「業=カルマ」の2つの意味 | 釈迦牟尼スーパースター ~仏教のつれづれ~

「業=カルマ」の2つの意味

『新アジア仏史01 仏教出現の背景』の、「第1章 ヒンドゥー世界の仏教」(奈良康明先生)のメモのつづき(青字は同書からの引用)。






※昨日のメモがキーボードミスで「奈良岡」(単語登録した知人名だ)になってて、コメントいただいて気づきました。恥ずかしー。




===============================

サーリプッタ(Sari女の息子)やモッガリプッタ(Moggali女の息子)のように「何某の女の息子」という名前を持っているが、これは母系社会の慣習であり、非アーリア系のおそらく「混血バラモン」であることを明らかに示している。

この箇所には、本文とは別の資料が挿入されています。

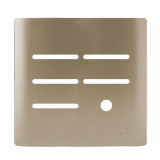 Placa p/ 5 Interruptores + furo 4x4 - Novara Champanhe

広い地域を支配するグループは自らをクシャトリャと称しつつ、アーリア社会に組み込まれていった。(中略)

釈尊のサーキャ族がクシャトリャだというのも、こうした経緯で理解される。最近の研究では、サーキャ族(釈迦族)もチベット・ビルマ系の人だったのではないか、という説が有力になっている

===============================




「チベット・ビルマ系」説の出典として(岩本裕1988、山崎元一2004、辛島昇1996)と書いてるあるので、どーっくの昔から提唱されていたわけだが、「有力な説」とは知らなんだ。



それから、上とは関係ないが、「業=カルマ」について。

オウムが「カルマ落とし」とか言っていたが、俗に「業=カルマ=前世の因縁」というイメージが強く、霊感商法の餌食になっちゃうことも少なくない。

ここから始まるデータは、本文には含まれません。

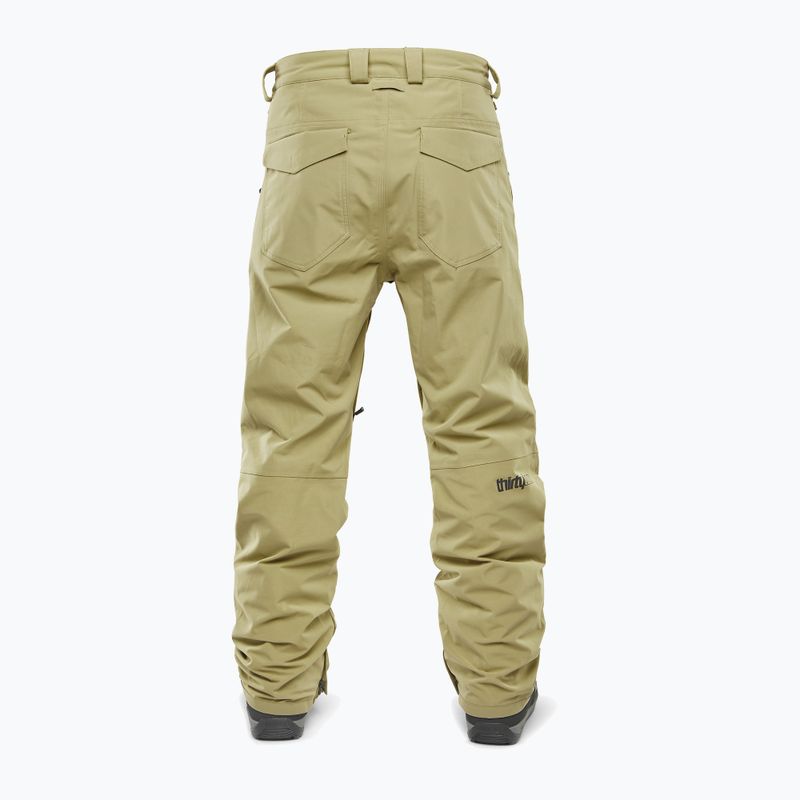 Spodnie snowboardowe męskie ThirtyTwo Wooderson khaki 2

==============================



業とはKamma(サンスクリット語はKarman)であるが、この語には基本的には二つの意味がある。

1)一つは「行為」である。

2)第二はその行為が後にまで何かの影響を及ぼす潜在的な力(業力)ないしそのはたらきである。


===============================



なので「原文理解には脈絡によって両者を弁別する必要がある」が、これが一筋縄ではいかないようで。現代語訳で「業」と訳されていても、どちらの意味か考えて読まないと怖いですねえ。







たとえば

生まれによってバラモンなのではない(ならざる者でもない)。業によってバラモンなのであり(ならざる者なのである)。業によっての農夫なのであり、業によって商人であり・・・業によって盗賊であり、業によって武士であり・・」(スッタニパータ650655)という有名なセリフは、

2)の意味をとると、「前世の業によって農夫等であることが定まっている」という意味に読めてしまう。

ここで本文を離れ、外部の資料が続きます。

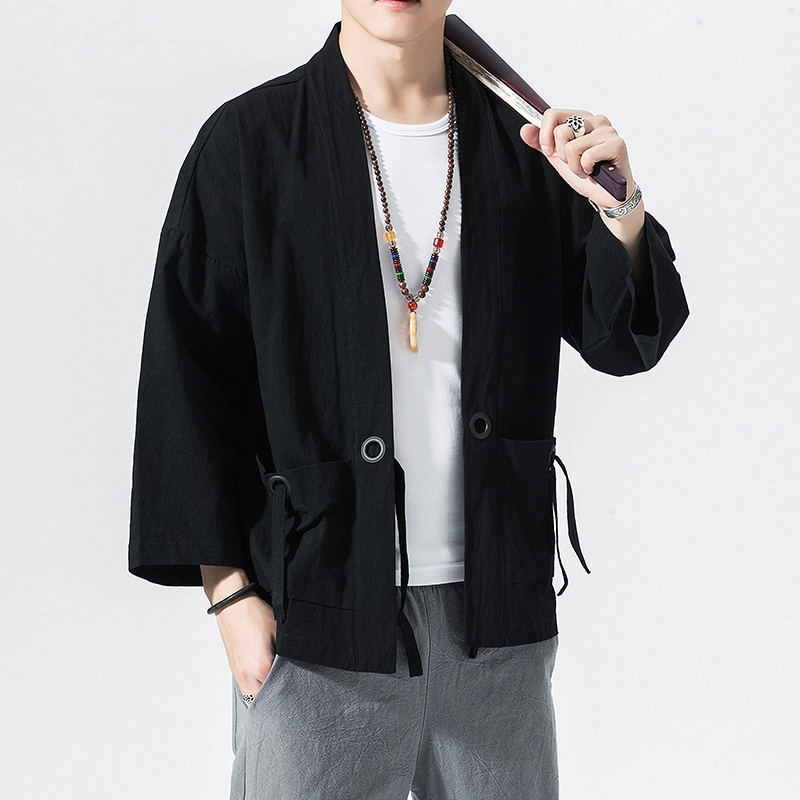 long black kimono cardigan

でも、この一連の偈頌(げじゅ)のすこし前(612619)では、「明らかに『耕作によって生活している者は農夫であってバラモンではない』と述べている」。つまり1)業=行為の意味で説かれている。

では行為=職業的行為かというと、そういうわけでもない。

悪を離れているからバラモンと言い、行いが寂かにやすまっているから沙門と言い~」(同388

生まれによって賎民なのではない。生まれによってバラモンなのではない。業によって賎民であり、業によってバラモンなのである」(同136

とあるように、「徳性」によって決まると。


現実の四姓制度を否定しているのではない。いや、四姓制度の存在を肯定したうえで、万人は同じ宗教理想を達成し得ることをいうのである」。



「業」といえば、

仏教雑誌『サンガジャパン VOL.10』の特集が「業」だった。

冒頭でスマナサーラ長老のお話が載っていて、(すべてに納得したわけではないけど)、

ちゃんと上記の「<業>の2つの意味」が「1)行為 2)結果」と解説されていた。

長老いわく、「2)結果」は、過去のことで、もうどうしようもないのだから、グダグダ悩むのは時間のムダである。大事なのは「1)行為」だけであって、「では、次はどうしましょうか?」ということだけを考えよ、と言う。

これは実際の処世訓として、役に立つ。



問題は、「次、どうするか」を選ぶ自由が、自分に与えられているか、ということ。

つまり「自由意志はあるのか」という問題で、これは古今東西の哲学者が頭を悩ませていろんなことを言ってきた分野だ。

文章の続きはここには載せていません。